Throughout the novel, Albanese intersperses passages about the plights of ancestors, such as cruel Judge Hathorne, persecuted Isobel Gowdie and others, revealing layers of what lies behind and beneath the characters’ pasts and lives.

According to the MacMillan Publishers’ site: “Laurie Lico Albanese has published fiction, poetry, journalism, travel writing, creative nonfiction, and memoir. Her books include Stolen Beauty, Blue Suburbia: Almost a Memoir, Lynelle by the Sea, and The Miracles of Prato, co-written with art historian Laura Morowitz.”

Albanese explains: “I write historical fiction based on the lives of real people and put women at the center of those stories. These are women who have been marginalized by history or whose triumphs and tragedies have been forgotten by today’s readers.”

As readers and women, we say thank you, Laurie Lico Albanese!

Yet, for all the secrets and persistent ugliness beating in the heart of Salem, there are those on the periphery doing the dangerous and good work of cultivating hope, delivering others to freedom in ways not suspected or detected.
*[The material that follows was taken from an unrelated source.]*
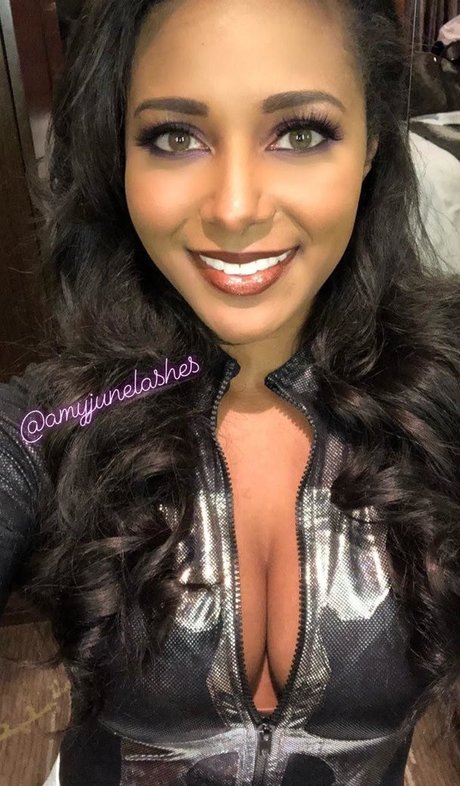 Brandi Rhodes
Along these outer edges, Albanese has created characters readers would want to know and be for their remarkable strength and commitment to one another; for risking their lives in the underbelly of this prosperous, bustling port town of Salem.

Isobel is assisted and saved by those working in the shadows, especially other women:

“My ladies in the forest – they are the women who help one another in ways that can be seen and also in invisible ways that aren’t always known…we are more beautiful and strong together than apart”(299).
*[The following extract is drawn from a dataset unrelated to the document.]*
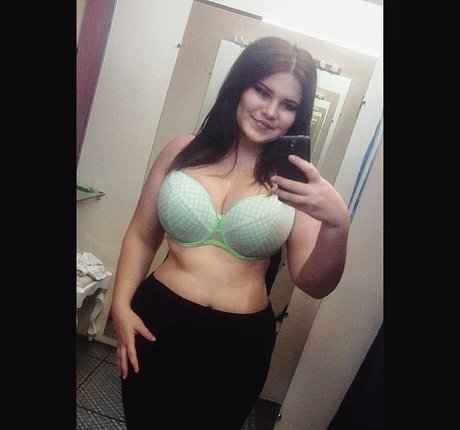 Anna Bernadi onlyfans leak new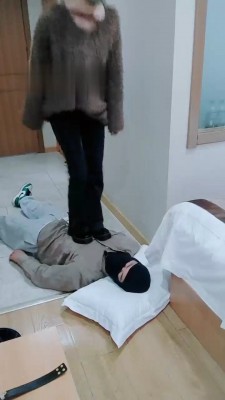 【网盘】【景德镇S】学生主暴力踩踏/踢踹 bf21816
Isobel, hurtfully rejected by Nat, and the fabric of the town itself, moves far north of Salem to protect herself and her daughter. It’s years later when The Scarlet Letter is published and brought to Isobel’s attention that she recognizes herself as Hester. But Nat’s story doesn’t tell her story, nor all of the story. He has stitched a secret into a story that only a few will recognize, but through this, their daughter will learn the truth. Isobel breaks the cycle of secret-keeping and readers rejoice.

This new narrative, Hester, contains multitudes! It is an exquisite, powerful tale of resilience, beauty, and the importance of transparency not to be missed.
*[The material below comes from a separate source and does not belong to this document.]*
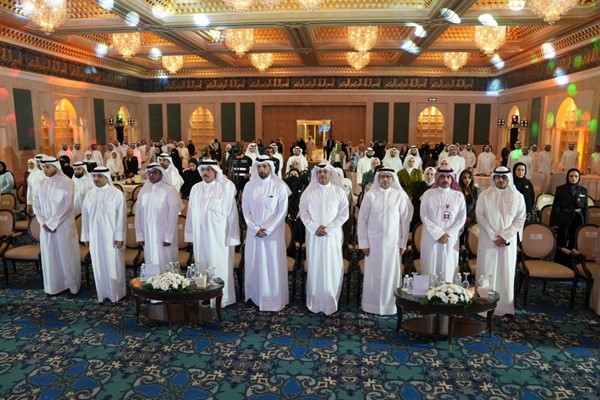  وزير التربية م.سيد جلال الطبطبائي مع قيادات وزارة التربية وجمعية المعلمين الكويتية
In her Notes and Acknowledgments at the end of the book, Albanese explains that The Scarlet Letter is the only novel of Hawthorne’s not known to be based on an actual experience:

“Hawthorne was a secretive man who burned many of his letters, papers, and journals. He published only five novels in his lifetime all but The Scarlett Letter spring from a known inspiration”(318).

This has spurred many to wonder if this novel too is based on some sort of experience. Perhaps writing The Scarlet Letter was a way for Hawthorne to relieve some guilt, share a secret in a veiled way? If so, what was this experience and who were the players? Hester provides one well-researched and beautifully crafted possibility.

Albanese says of the original Hester in Hawthorne’s classic,

“I understood that while Hester could not escape her past or her fate, she could harness her power by summoning the strength of her creative fortitude”

and then adds,

“I gave that creative fortitude to my character Isobel Gamble”(317).

I add that Albanese has demonstrated her own creative fortitude by penning this companion novel, Hester.

Laurie Lico Albanese is a Nasty Woman Writer.

© Maria Dintino 2023

Works Cited

Albanese, Laurie Lico. “Behind One of the Most Famous Faces in Art.” Lit Hub, 24 Feb 2017, https://lithub.com/behind-one-of-the-most-famous-faces-in-art/.

Albanese, Laurie Lico. Hester: A Novel. St. Martin’s Press, 2022.